Some of his colleagues also notice the noise, but they’re still laughing. It sounds like a balloon popping or a firecracker going off in the street. But Stephane’s bodyguard Franck isn’t smiling. He’s pulled out his gun. It’s the first time Stephane has ever seen him do that. A hush falls over the room, as the bodyguard slowly makes his way to the door.
Two young men stand in the doorway, dressed in black from head to toe and carrying AK-47 assault rifles. The first pauses as if surprised to see so many people in the newsroom.

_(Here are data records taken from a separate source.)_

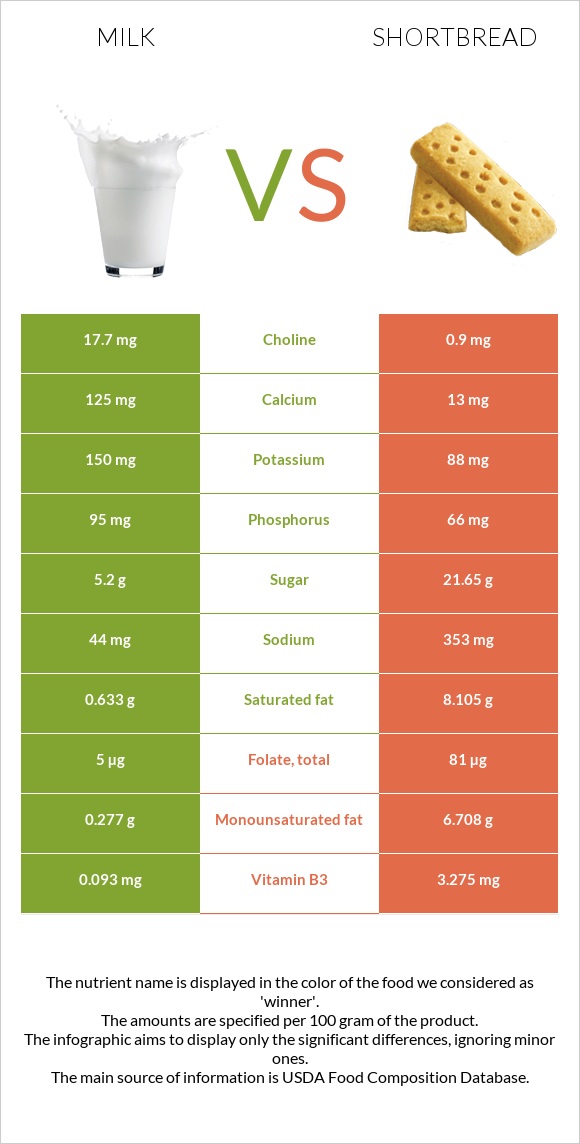 Milk vs Shortbread infographic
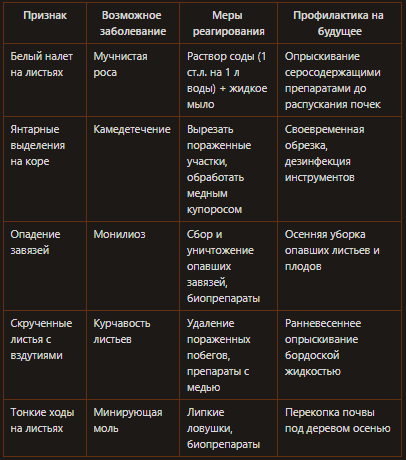 Признаки болезней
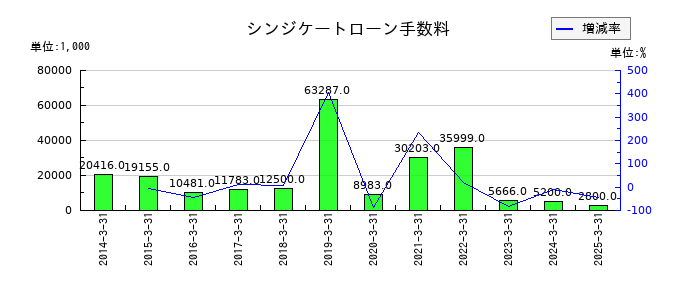 ＦＲＯＮＴＥＯのシンジケートローン手数料の推移
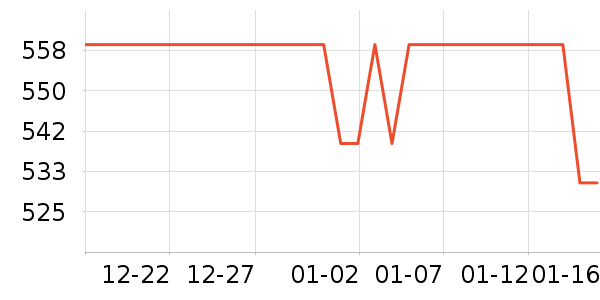 ������������������ʷ�۸�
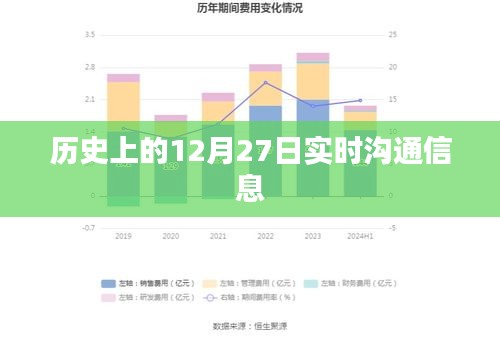 历史上的重要时刻，实时沟通信息尽在12月27日揭晓，符合百度收录标准，字数在指定范围内，能够吸引用户点击，同时突出了实时沟通信息的重要性。希望符合您的要求。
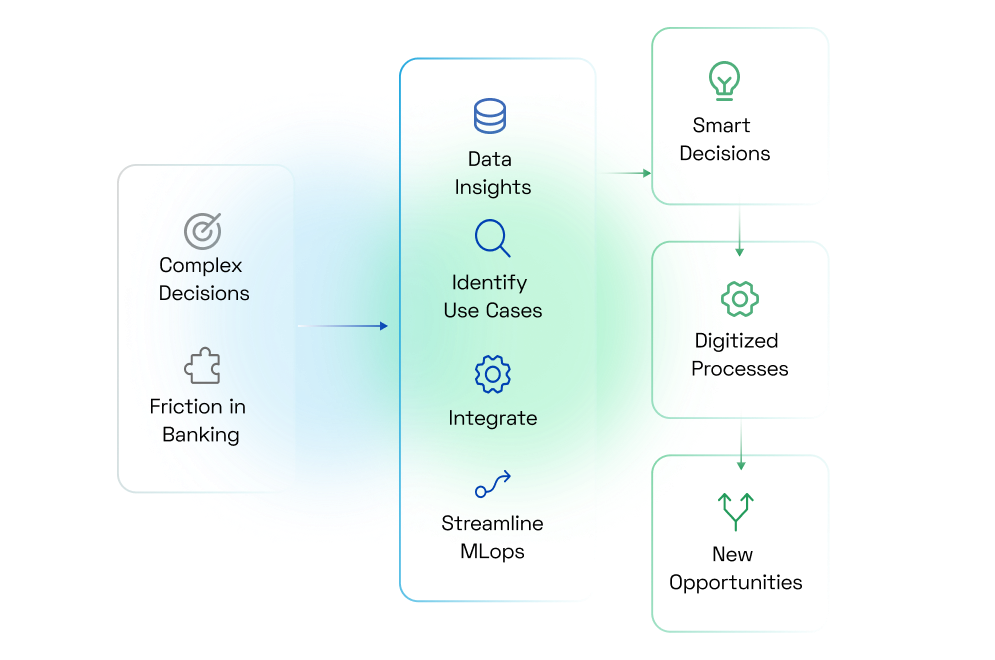 Consulting &amp; Advisory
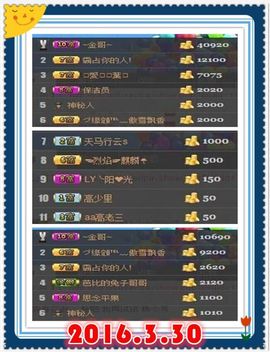 ~幸运魔法~主播照片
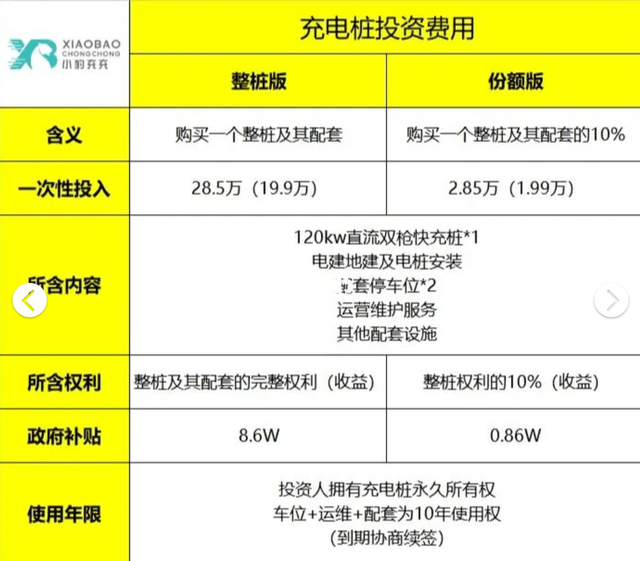 警惕新能源炫富：投资电动车充电桩，躺平月入十万？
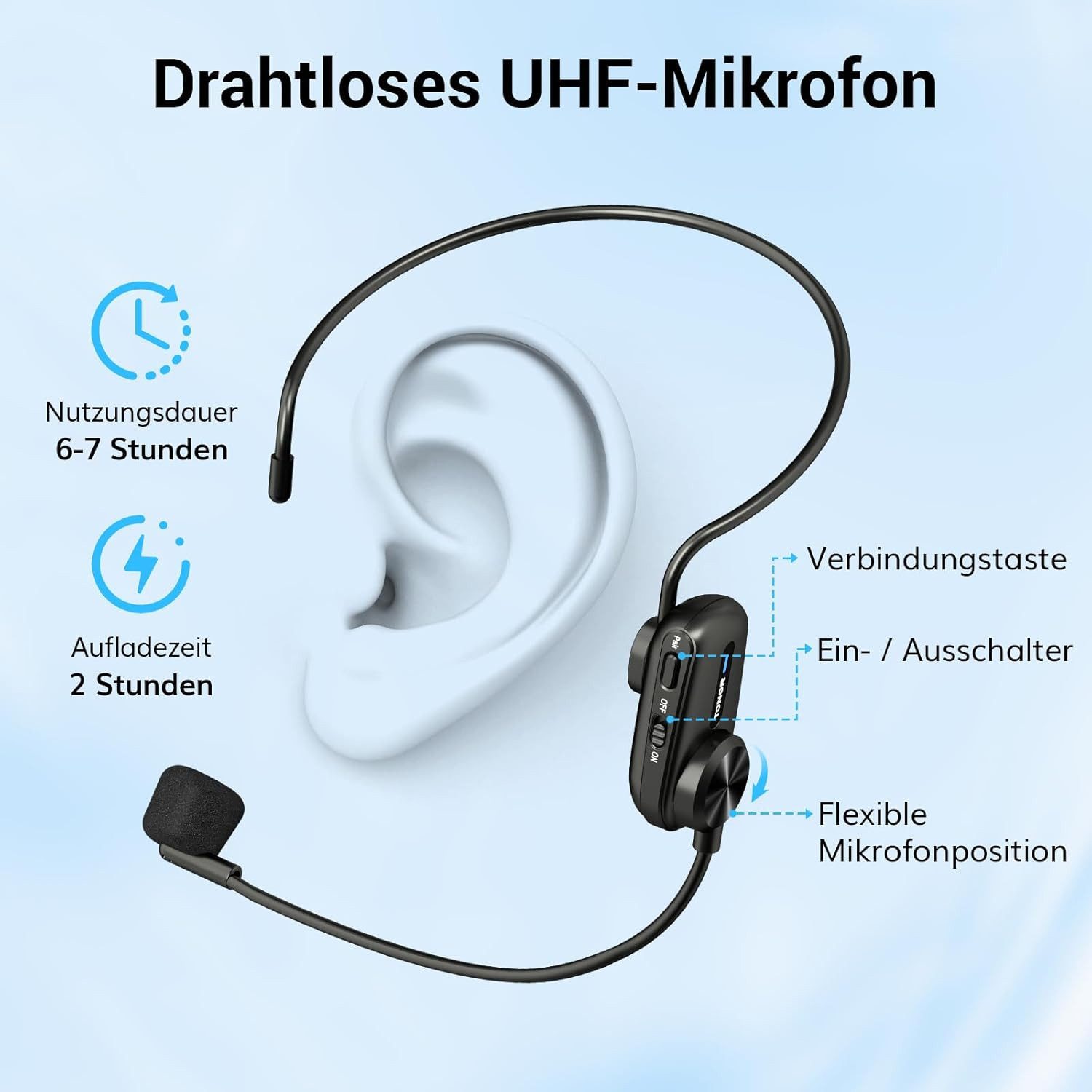 TONOR Mikrofon TONOR Sprachverstärker K11 tragbar mit Bluetooth Lautsprecher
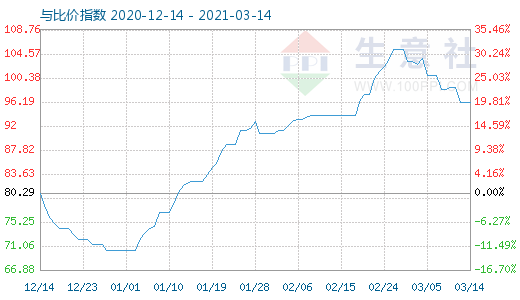3月14日石油焦與玻璃比價指數(shù)圖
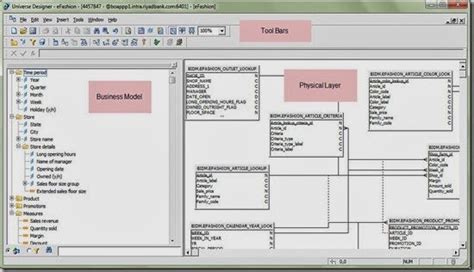 Image result for SAP Business Objects Overview Tutorial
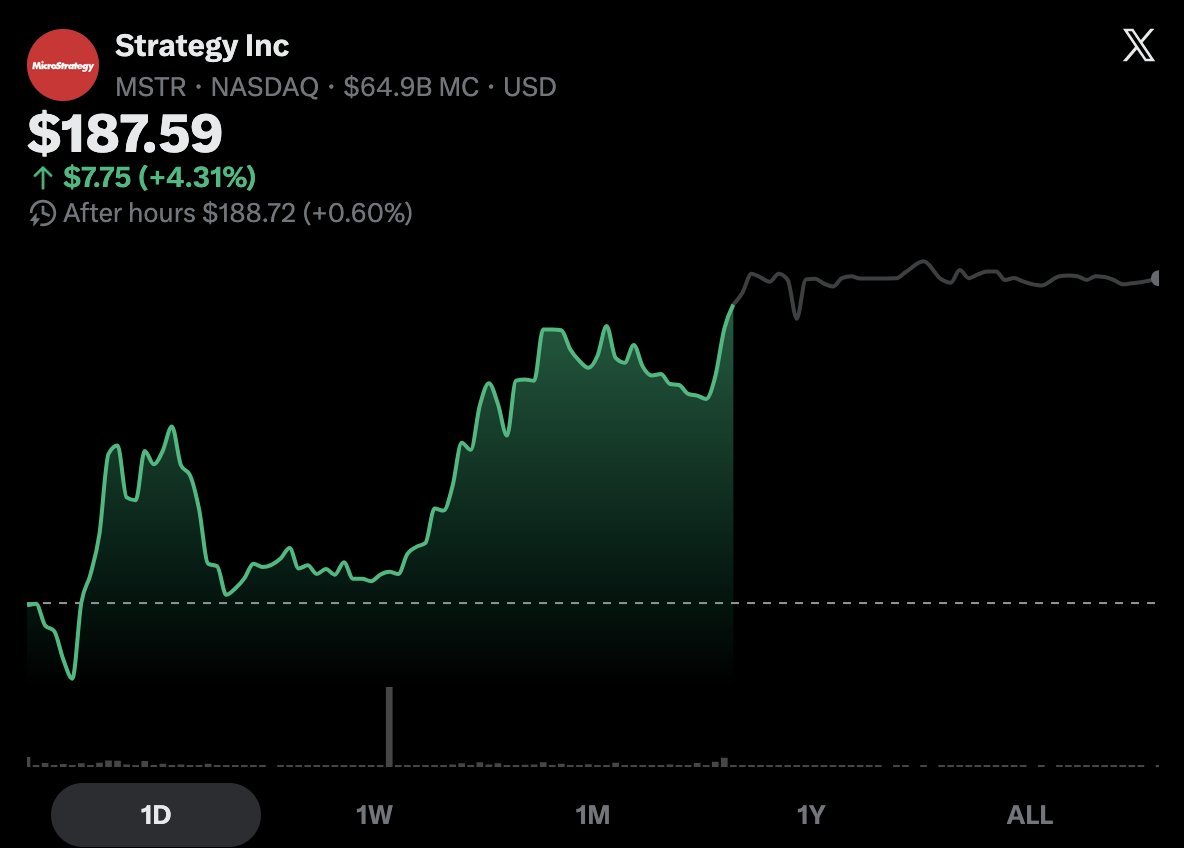 Marc ₿ tweet media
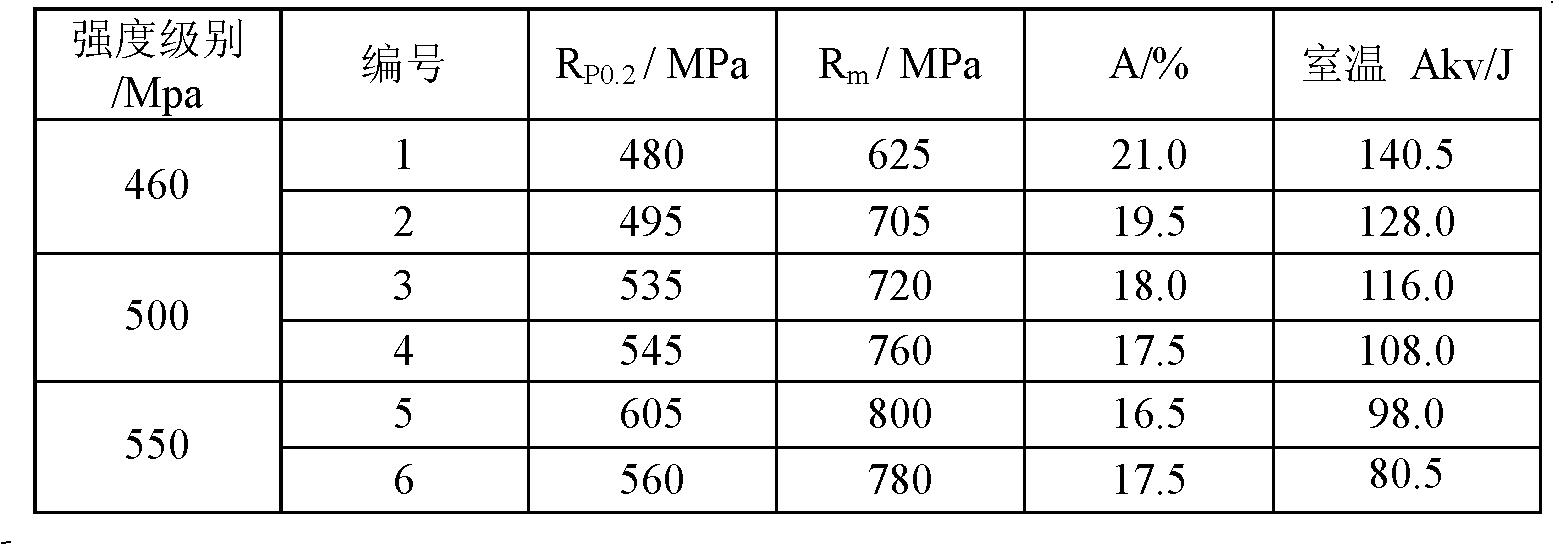 Low-cost boron-containing steel and manufacturing method thereof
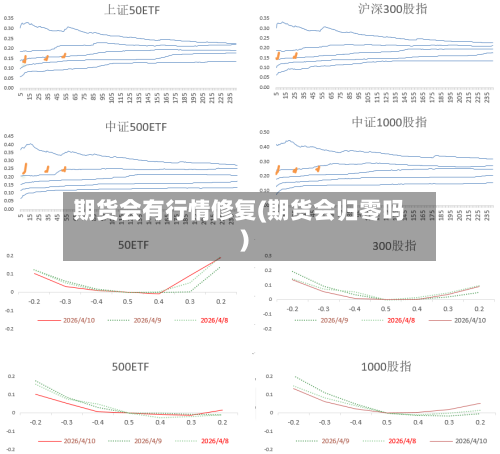 期货会有行情修复(期货会归零吗)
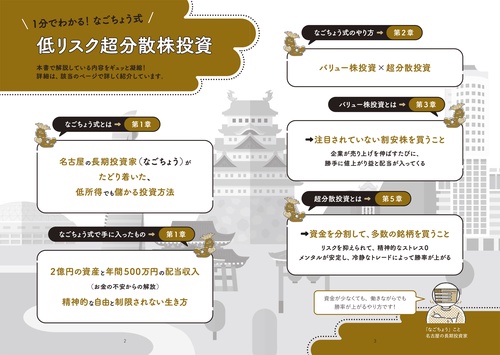2億稼げる なごちょう式 低リスク超分散株投資 – 丸善ジュンク堂書店
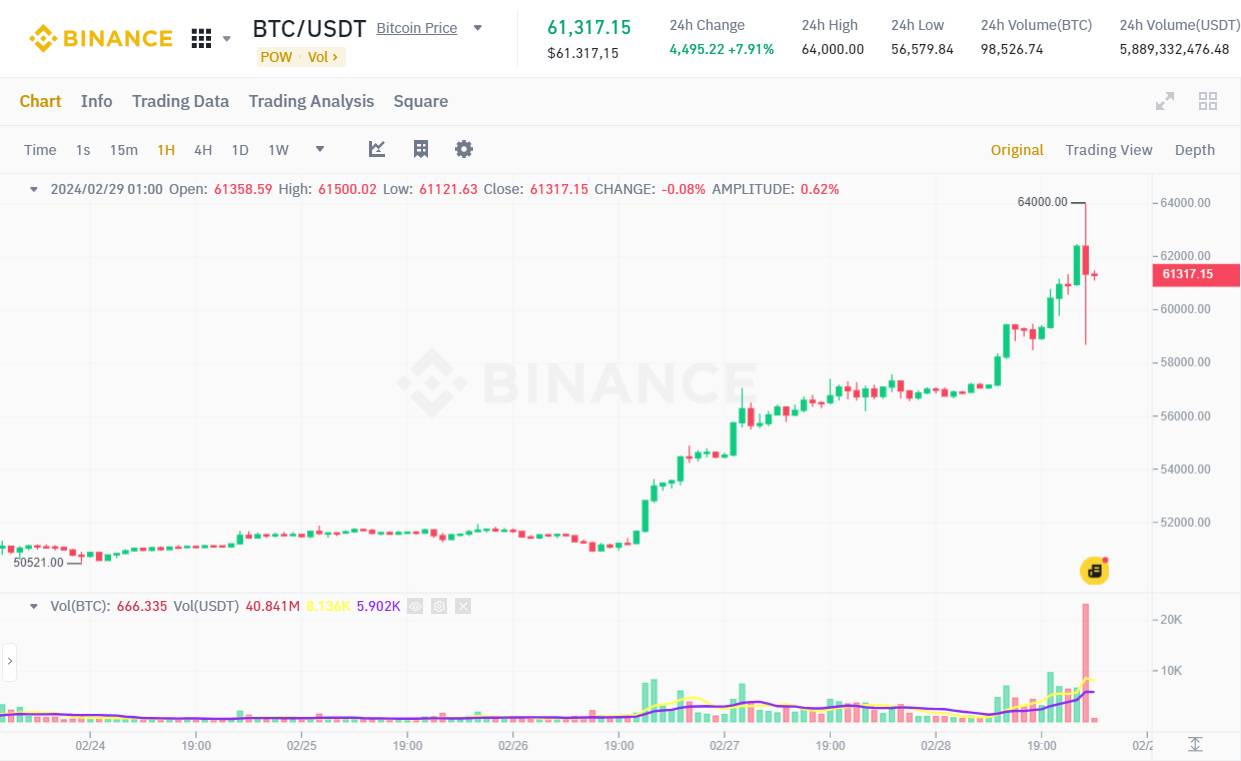 Bitcoin tăng lên 64.000 USD, thị trường crypto biến động dữ dội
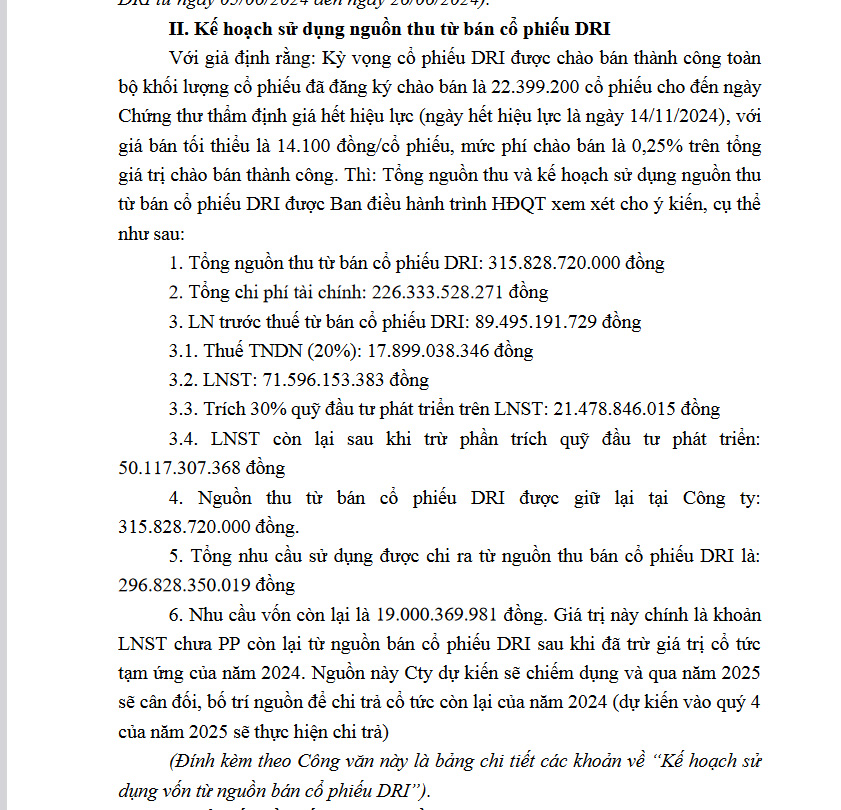 6PG88VN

Then he raises his gun and opens fire.
The attack on the Charlie Hebdo office will last less than two minutes. After the terrorists make their escape, gun-smoke will choke the air of the conference room and blood will stain the floors. Ten people, including editor Stephane Charbonnier, will be dead; the world will react in horror, and law enforcement officers will scramble to find the killers and bring them to justice.
From Noiser and Airship, I’m Lindsay Graham and this is History Daily.
History is made every day. On this podcast—every day—we tell the true stories of the people and events that shaped our world.
Today is January 7th: The Charlie Hebdo Shooting.
It’s noon on January 7th, 2015, just minutes after the massacre at the office of the Charlie Hebdo magazine.
Sirens pierce the cold air of the French capital as emergency services descend on the scene. Two miles away, a small black Citroën car speeds down the street, dodging traffic. Its windows are shattered. People on the street can catch just a glimpse of the masked men inside the car as it races past.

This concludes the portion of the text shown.